L’action, si l’on peut s’exprimer ainsi, se déroule dans le Chicago des années 1960 avec ses appelés pour la guerre du Vietnam, les premières cassettes audio et les émeutes dans le quartier de West Side après l’assassinat de Martin Luther King. Chicago est ainsi un des nombreux personnages de la bande dessinée : « Si Uptown était une personne, alors Broadway Avenue en serait la scoliose. ». Karen, une enfant de dix ans solitaire et mal dans sa peau, très proche de son frère Diego Zapata, dit Deeze – un tatoué torve, ténébreux et torturé –, cherche tout autour d’elle les signes qui pourraient venir lui confirmer qu’elle a raison de vouloir devenir un monstre.
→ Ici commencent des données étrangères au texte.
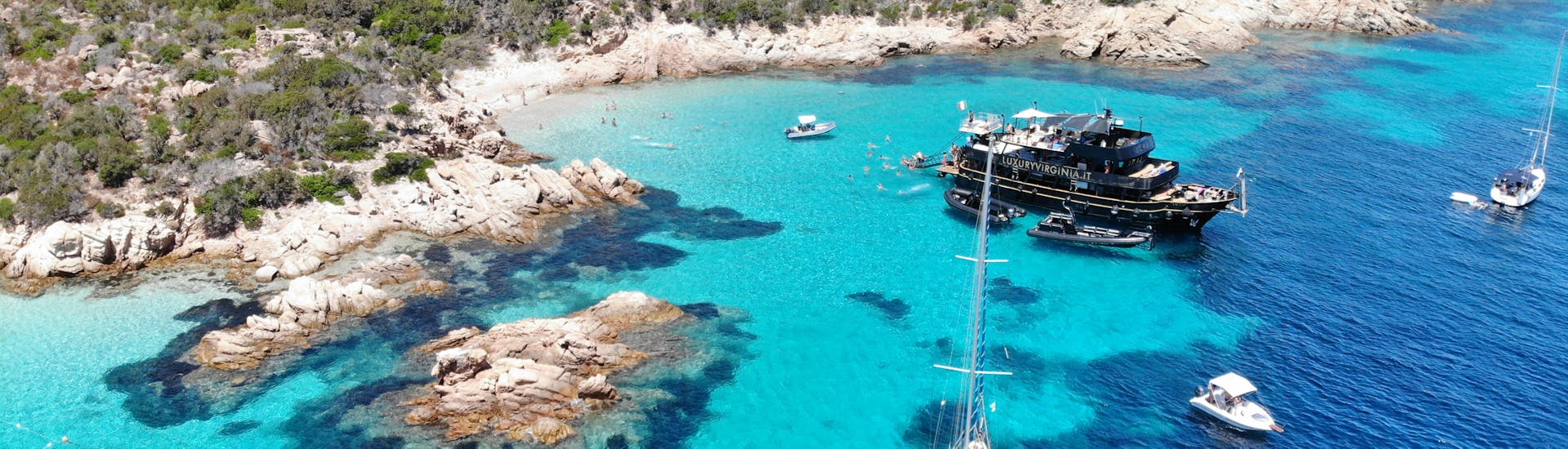 Our boat is stopping for one of the swimming stops during the Luxury Boat Trip from Cannigione and Baja Sardinia to La Maddalena.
Affublée de fausses canines et d’un costume de détective, elle arpente la ville et le monde qui est le sien, du sous-sol où elle habite à l’école où elle est rejetée, mais surtout non loin d’une mystérieuse voisine, Anka Silverberg, dont elle apprend la mort au début du livre avant de se passionner pour la vie tragique qui fut la sienne et les maléfices (ombres, taches, odeurs) dont elle aura toujours semblé s’entourer. Tout le livre se déploie bientôt autour du passé d’Anka, à la manière de cercles concentriques.
Deeze et Karen traversent leur propre livre de bout en bout à bord de « l’express de ceux qui en chient ». Leur fuite éperdue au milieu de la vie et face à la mort évoque l’épopée à vif du magnifique récit graphique L’Ascension du haut mal que David B a publié il y a une vingtaine d’années en l’honneur de son frère atteint d’une forme grave d’épilepsie. La publication de l’œuvre d’Emil Ferris est placée quant à elle sous le haut patronage d’Art Spiegelman et cela n’est pas pour rien, tant elle semble prolonger dans un bel hommage le propos du créateur de Maus, pour la fine analyse du passé nazi – mais aussi celui du créateur à l’origine des Crados, pour l’esthétique du bourrelet et du vomi. Emil Ferris consacre des pages poignantes à la déportation des prostituées pendant la seconde guerre mondiale, le texte n’ayant pas à rougir devant le dessin : « Bien sûr dans les livres d’histoire, au chapitre des différents groupes assassinés par les nazis, il n’est jamais question des prostituées, car je suis sûre qu’elles sont considérées comme une tache sur la mémoire des autres victimes. La vérité, c’est que la vie d’une pute ne vaut rien. Pour moi, ce n’est que de la haine de soi. Notre société hait ceux qui les acceptent sans réserve, nous, nos corps, nos désirs secrets. C’est ce que ces dames m’ont appris. À respecter ce que les autres dédaignent. ».
Si dans cette bande dessinée gargantuesque Emil Ferris ne cesse de payer sa dette aux peintres qui l’inspirent et dont elle reproduit les oeuvres (Jordaens, Füssli, Isabey, Delacroix, Seurat, Saftleben, Martorell, Caillebotte, Pourbus le Jeune, Gérôme, Utamaro, Cranach l’Ancien, Zurbarán, Guillaume de Toulouse, Rathbone et Morland, Bazille, Inness, Monet, Sohlberg, Gustave Doré), le caractère monumental et captivant de son opus établit une vérité d’ores et déjà définitive : elle est une grande artiste contemporaine.